The intensity of one or more molecules or fragments can be followed and superimposed on the mass variation signal to associate the evolved molecules to the different mass losses.
This type of coupling has the best detection limit and is more applicable to the detection of low molecular weight molecules.
In the case of the coupling of a thermogravimetric analyzer with an FTIR, the totality of the gases leaving the TGA furnace is led to the FTIR. In this measuring cell, the chemical groups of the gaseous molecules are identified according to their specific absorption of the infrared light wavelengths.
The intensities of the peaks corresponding to a chosen chemical function can be superimposed on the mass variation of the sample.

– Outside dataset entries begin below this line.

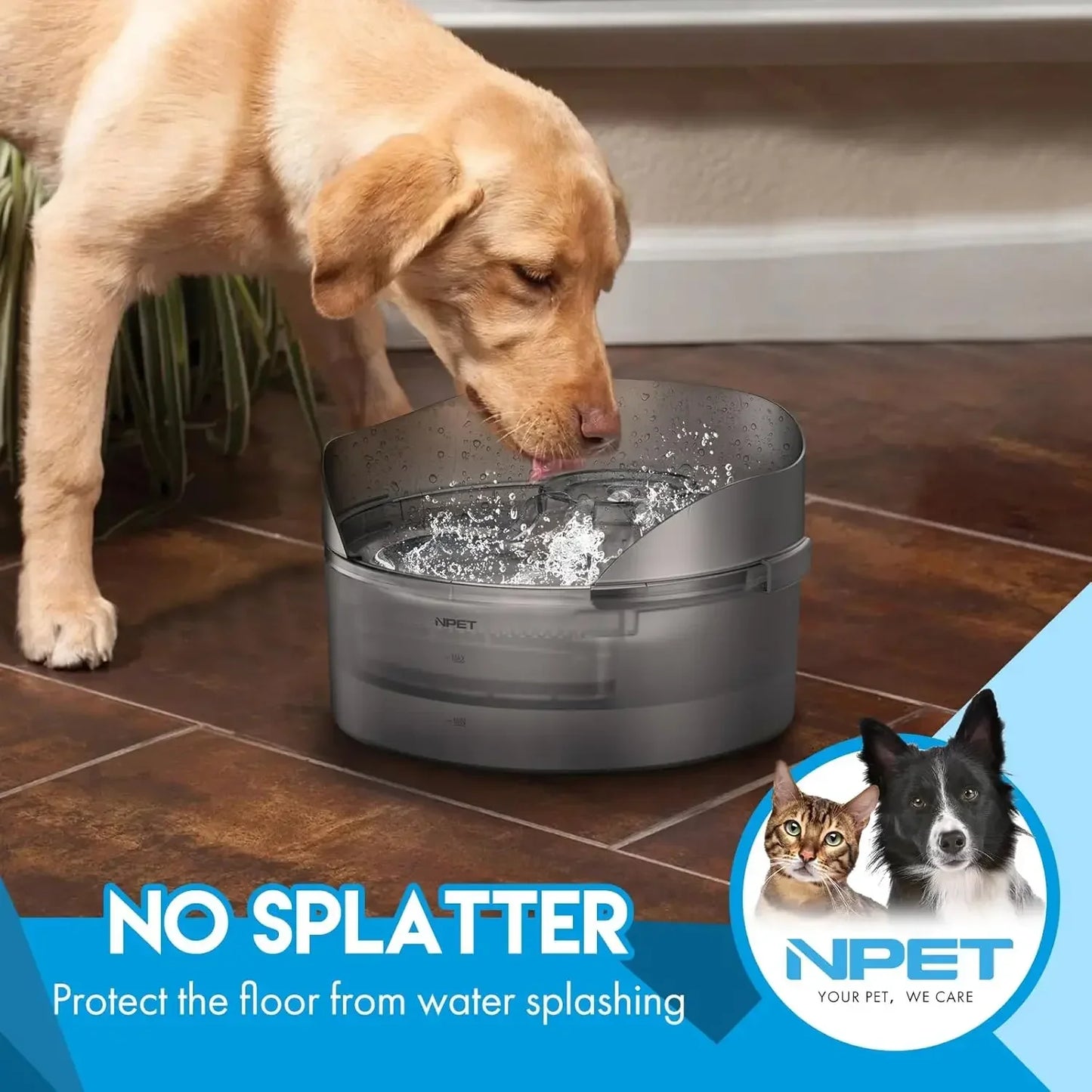 Dog Water Fountain, 1.3 Gallon with Splatter Guard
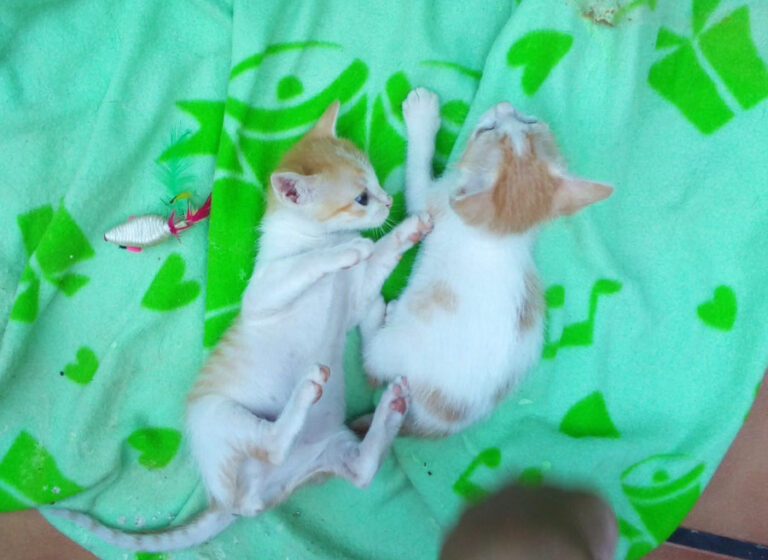 multimedia-foto52512-838-1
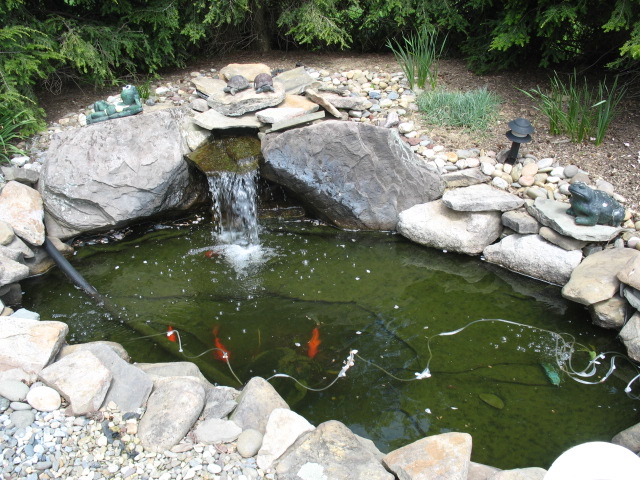 fishpond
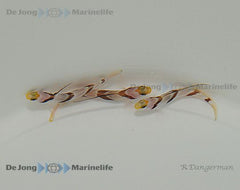 Stonogobiops nematodes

The experimental spectra can be compared with those of reference material libraries for the identification of the released substances.
This method is less sensitive but allows to detect families of molecules, even complex ones.
In TG-GC-MS coupling, the evolved species are first separated by the chromatograph before being identified by the mass spectrometer.
This method is the most efficient to identify the released molecules when they are very diverse. It is however more complex to implement and imposes certain experimental conditions on the thermogravimetric analyzer.